Church-friendly mobile app payments developer Pushpay has upgraded its earnings guidance for this financial year, with cost savings expected to offset marginally lower revised revenue.
Pushpay anticipates pre-tax earnings for the year to March 31 to jump to between $US23 million and $US25 million ($A33.85 million to $A36.8 million), up from a previously forecast $US18.5 million to $US20.5 million.
The Seattle and Auckland-based business – a mobile payment system for churches, schools and education providers in the US, Canada, Australia, and NZ – said this was because of efficiencies expected in the second half of the year, which it said on Friday would boost earnings by between $US2.5 million to $US6.5 million.
The ASX and NZX-listed firm said this will compensate for softer $US121 million to $US124 million revenue guidance, down from $US122.5 million to $US125.5 million.

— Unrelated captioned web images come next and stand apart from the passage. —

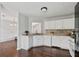 Bright kitchen with white cabinets, stainless appliances, and hardwood floors at 335 Lee Miller Ct, Suwanee, GA 30024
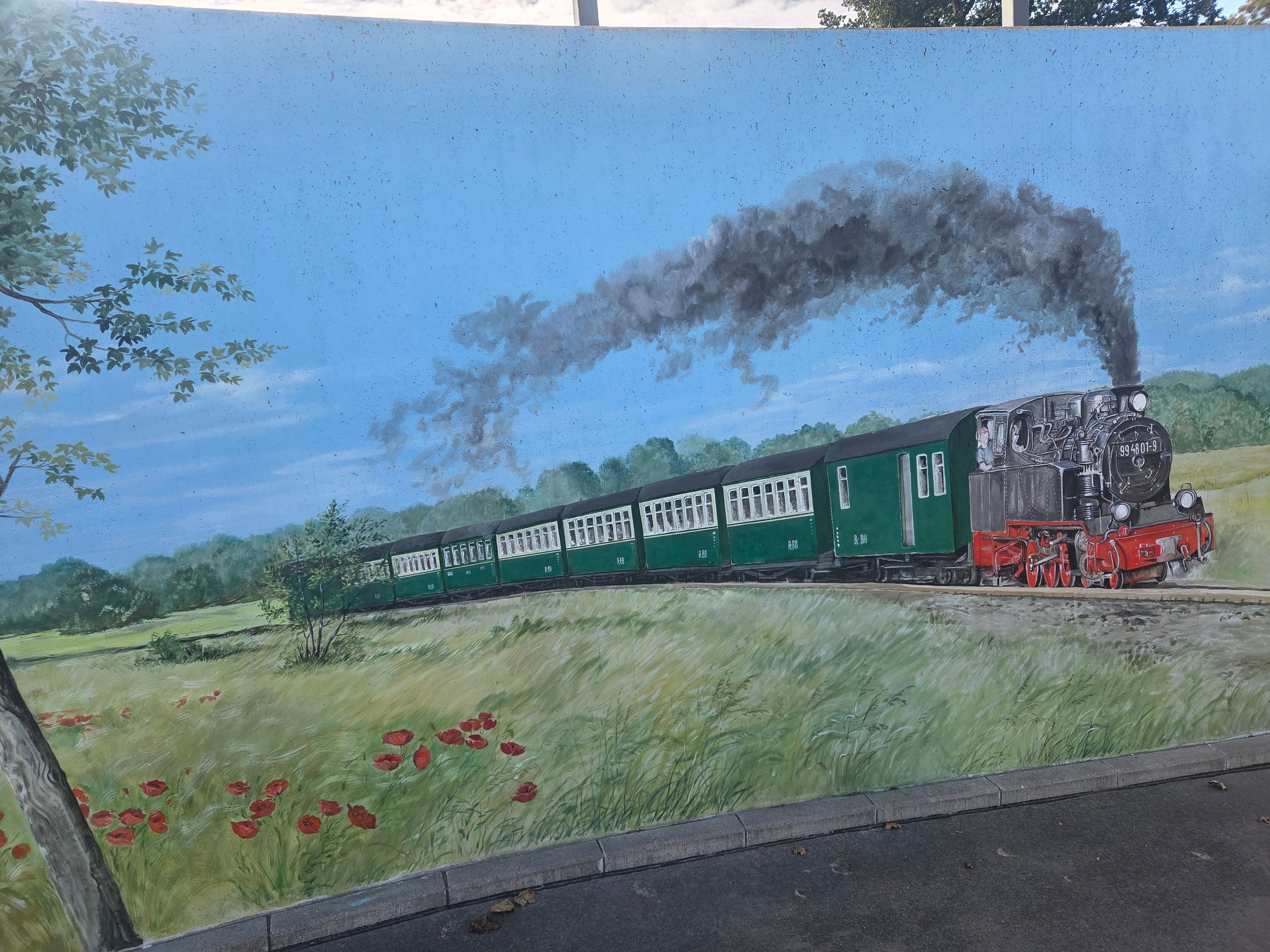 Un tren verde y negro con ventanales blancos y ruedas rojas, viajando sobre rieles.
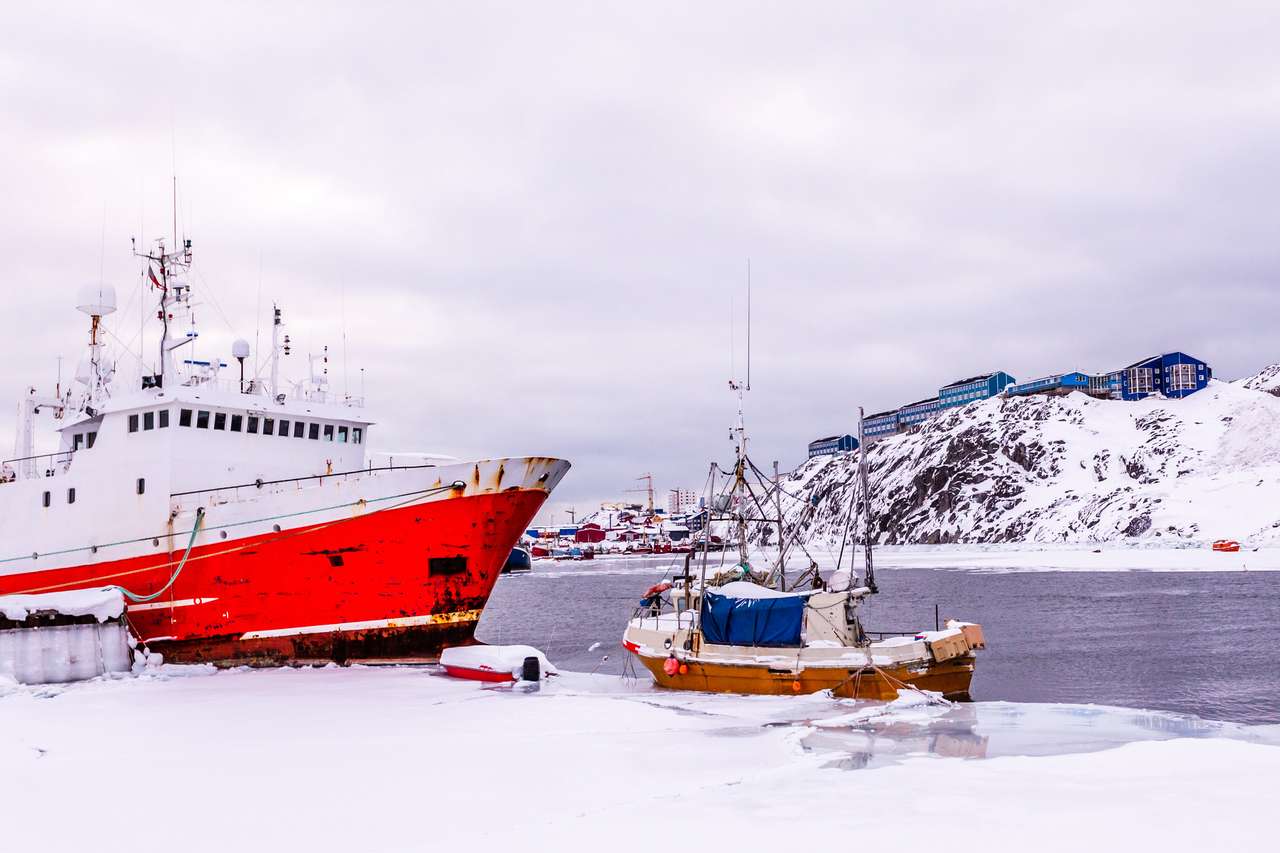 雪のラグーンに停泊している赤い漁船。 オンラインパズル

“As previously indicated at our 2019 annual meeting, new customer acquisition over the start of the financial year was lower than the previous year,” Pushpay chief executive Bruce Gordon said.
“We have subsequently adjusted our operating revenue guidance range to reflect this.”
Pushpay’s ASX shares hit an all-time high of $4.16 in June 2018, but have since shed almost a quarter of their value.
However, the company’s stock bounced 1.58 per cent to $3.21 at 1045 AEST on Friday after the announcement.